Please transcribe exactly the line that holds "Black Interior Transmission" and all lines that follow it to the end of the records below, omitting any pictures.

(Pictures with short captions)
^^^^^^^^^^^^^^^^

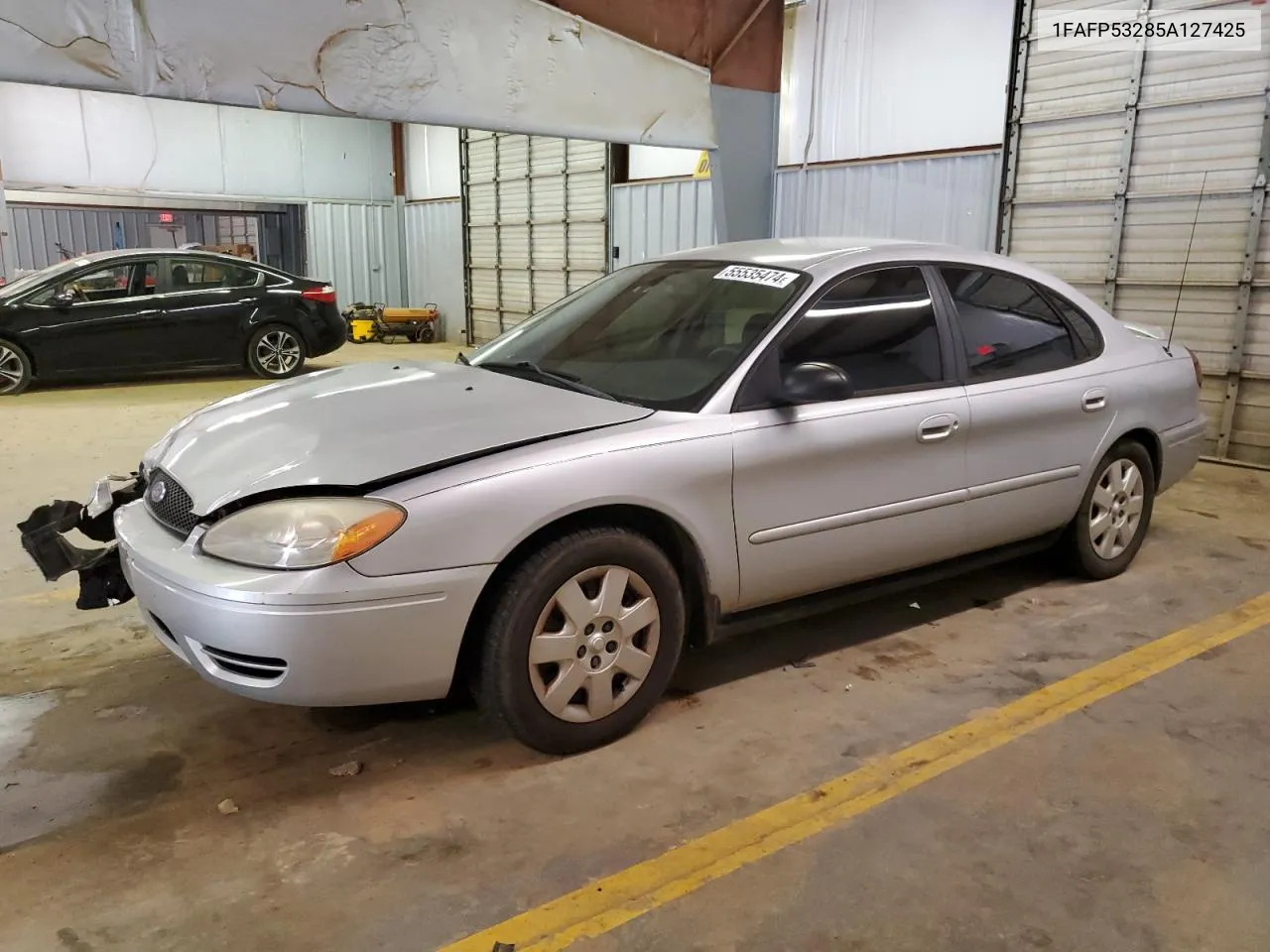 2005 Ford Taurus Se VIN: 1FAFP53285A127425 Lot: 55535474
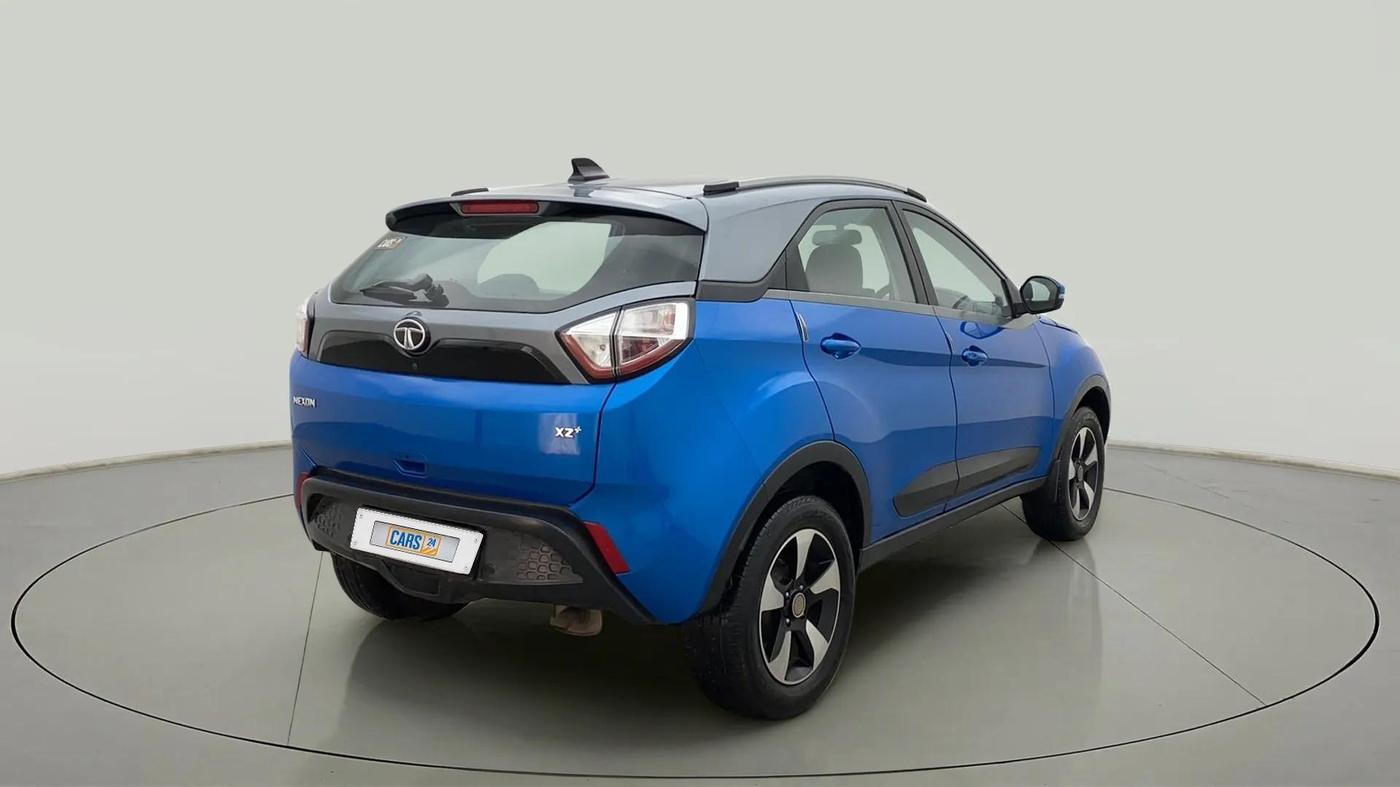 2019 Tata NEXON XZ PLUS PETROL, Petrol, Manual, 41,521 km, Right Back Diagonal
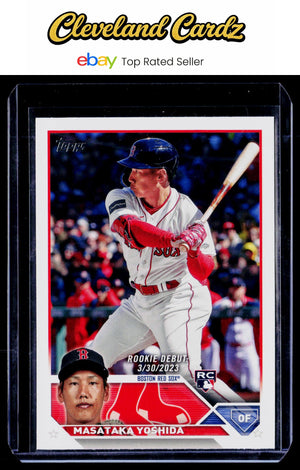 2023 Topps Update #US5 Masataka Yoshida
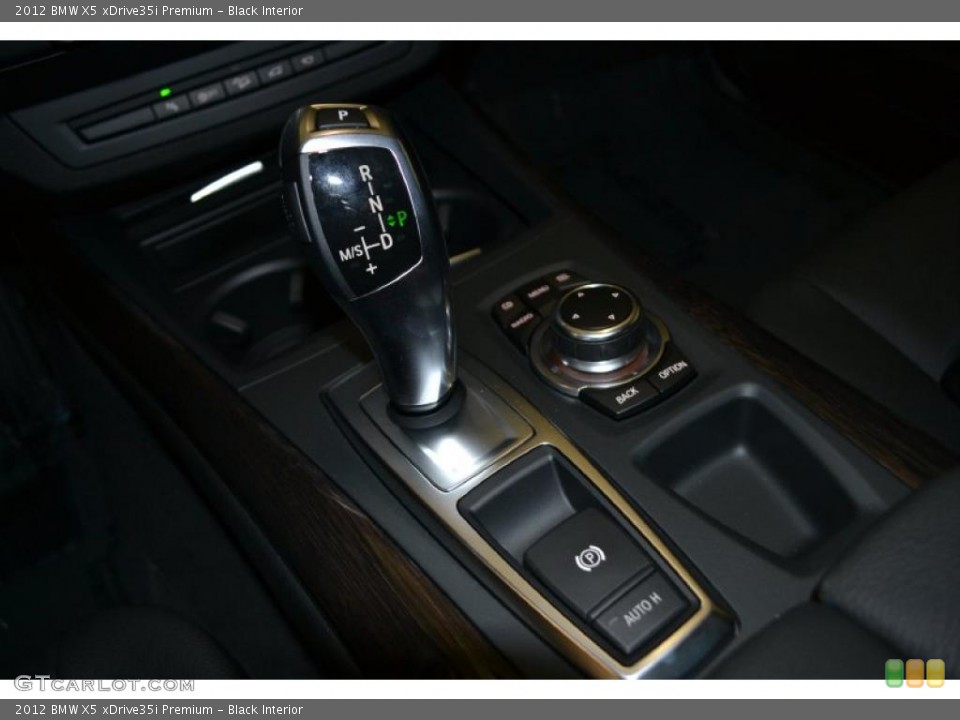 Black Interior Transmission for the 2012 BMW X5 xDrive35i Premium #49598536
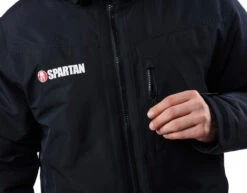 SPARTAN By CRAFT Pro Series Stadium Parka - Men's -Sportswear Store CRAFT Mens Long Parka 5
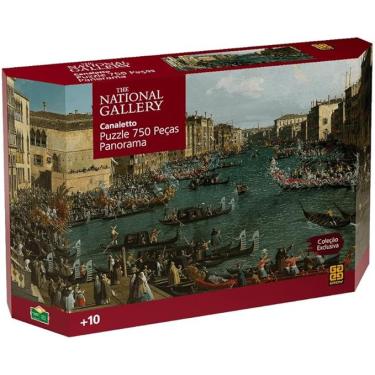 Imagem de Quebra -Cabeca - P750 Panorama Canaletto - Nati GROW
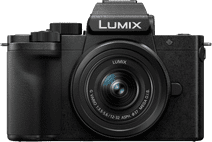 Panasonic Lumix G100D + 12-32mm f/3.5-5.6 Kamera mit Micro Four Thirds Sensor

^^^^^^^^^^^^^^^^

### ANSWER SECTION
 Black Interior Transmission for the 2012 BMW X5 xDrive35i Premium #49598536
 SPARTAN By CRAFT Pro Series Stadium Parka - Men's -Sportswear Store CRAFT Mens Long Parka 5
 Imagem de Quebra -Cabeca - P750 Panorama Canaletto - Nati GROW
 Panasonic Lumix G100D + 12-32mm f/3.5-5.6 Kamera mit Micro Four Thirds Sensor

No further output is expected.